I am caught in what for me is a most unusual predicament: what will I do today and tomorrow? My time is usually scheduled well in advance. So, when I get up in the morning, all I have to do is follow the calendar in my computer. If I do have a gap in my day, I have plenty to do just keeping the maintenance of home and person in tow. I don’t have to think about what to do next. But today, this day, that is not the case.
My sister and her husband were to come for a week-long visit. They have not been to see me for some time, and I have been very excited about their arrival. In fact, their visit has been my motivation to do all kinds of things that I had put off. I blocked out a lot of time in order to prepare for their coming and to entertain them while they were here. Several weeks ago, I called my own kids and told them I had found another reason for them to stay on good terms with each other: motivation to do ‘spring housecleaning.’
Corners that harbored all sorts of inappropriate things were purged.

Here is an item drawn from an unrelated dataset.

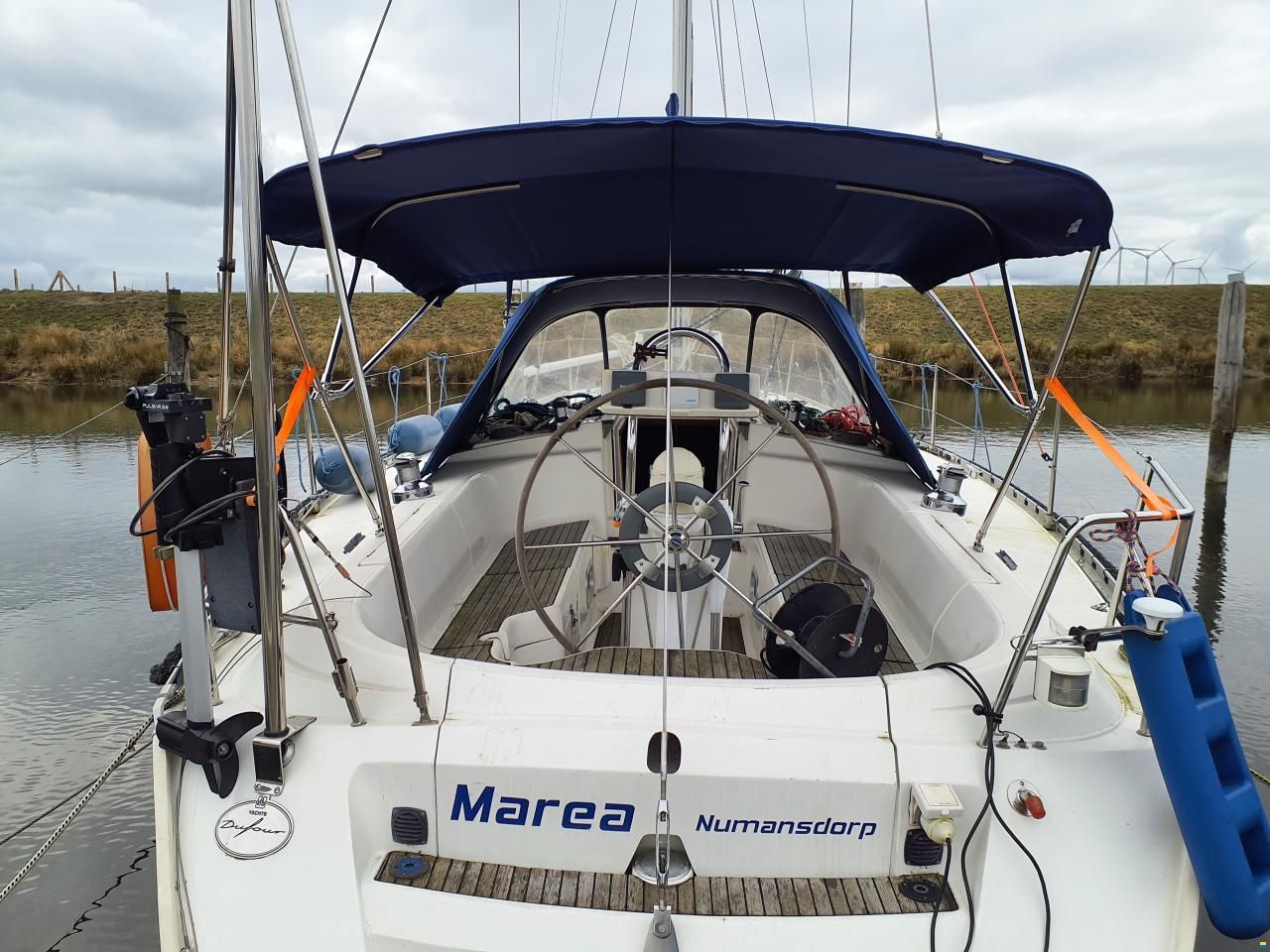 Dufour 38 Classic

Unused stuff was hauled to the Goodwill store. Rooms were re-arranged for my guests to use. Purchases were made that only happen during ‘special times.’ Friends were alerted to their visit and invited to drop in to meet them.
But, my brother-in-law called this morning to say they would not be coming as my sister had become ill. And, now, here I am after my sister’s sad cancellation with no plans in the works. I know I should use this time to catch up on office work that I had put off during the company prep time, but I don’t seem to have the mindset to pull that off right now. I got bold this morning and made a few phone calls looking for things ‘I just had to do.’ But, alas, everyone I called was already engaged in the ‘have to do’ of their own lives: kids, laundry, meetings.

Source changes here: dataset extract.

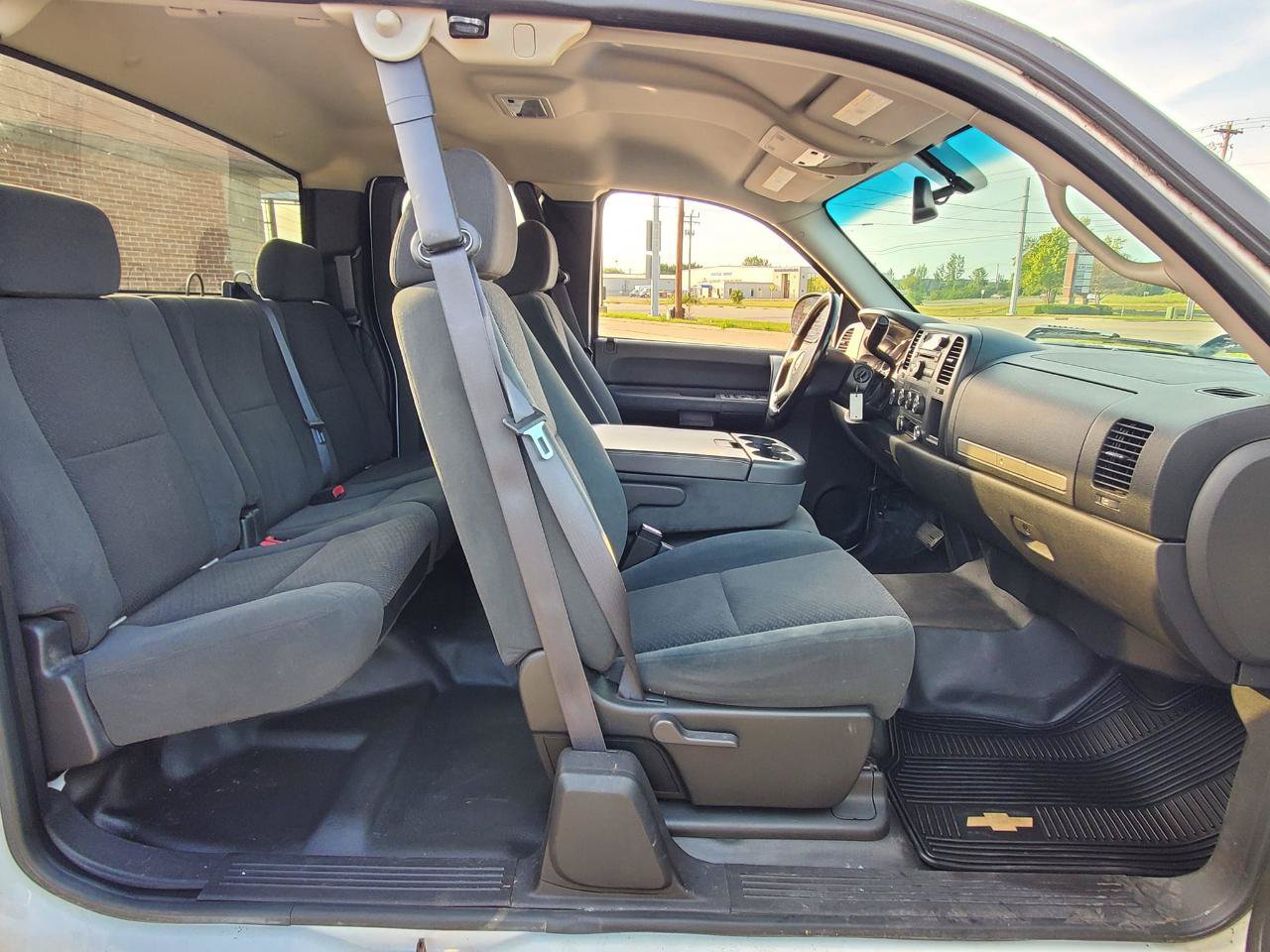 Used 2007 Chevrolet Silverado 1500 LT AWD/4WD image 18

I don’t seem to feel like ‘just relaxing.’ I am geared up for big action with groceries in the refrigerator.
I now have a better idea why there is such a demand for the many listings of social activities on the Internet. It started me thinking about my own lifestyle. How would I fill my hours if I lived in an apartment with few floors to vacuum and no yard to tend? What if I had never had a family with the responsibilities and joys of children and parents? What if I weren’t energized by community events and programs? What would I do if I didn’t find stimulation in art production or presentations? How would I have filled my days if crowds frightened me or physical conditions limited my mobility? And what would I use as material for my newspaper column if I didn’t have these questions?
It is amazing how a disruption in our regular schedules allows us to stop for a while and look at ourselves and our world in a new light. Winter is not a bad time of year for that kind of an appraisal. I began to realize that I have continued with the kind of life I maintained in previous years and that, maybe, parts of it didn’t work today.
We do have choices in this world. I need to reach out to new friends and new activities. I am not a young chick, but I still have some years ahead. It is a good moment for me to lay out my activities, my capacities and my dreams, to see where they mesh and where they really don’t. It would be too bad to wake up one morning and find that life was about over and that I hadn’t led the life I wanted to, but simply followed whatever came my way.
I pray my sister gets well and comes for her visit. I hope that my home is still ready and clean. However, even if it isn’t, I intend for her to find me a wiser sister that is sharing and doing the best she can in the world in which she finds herself today. My new personal motto is going to be ‘don’t drift ‘ shift.’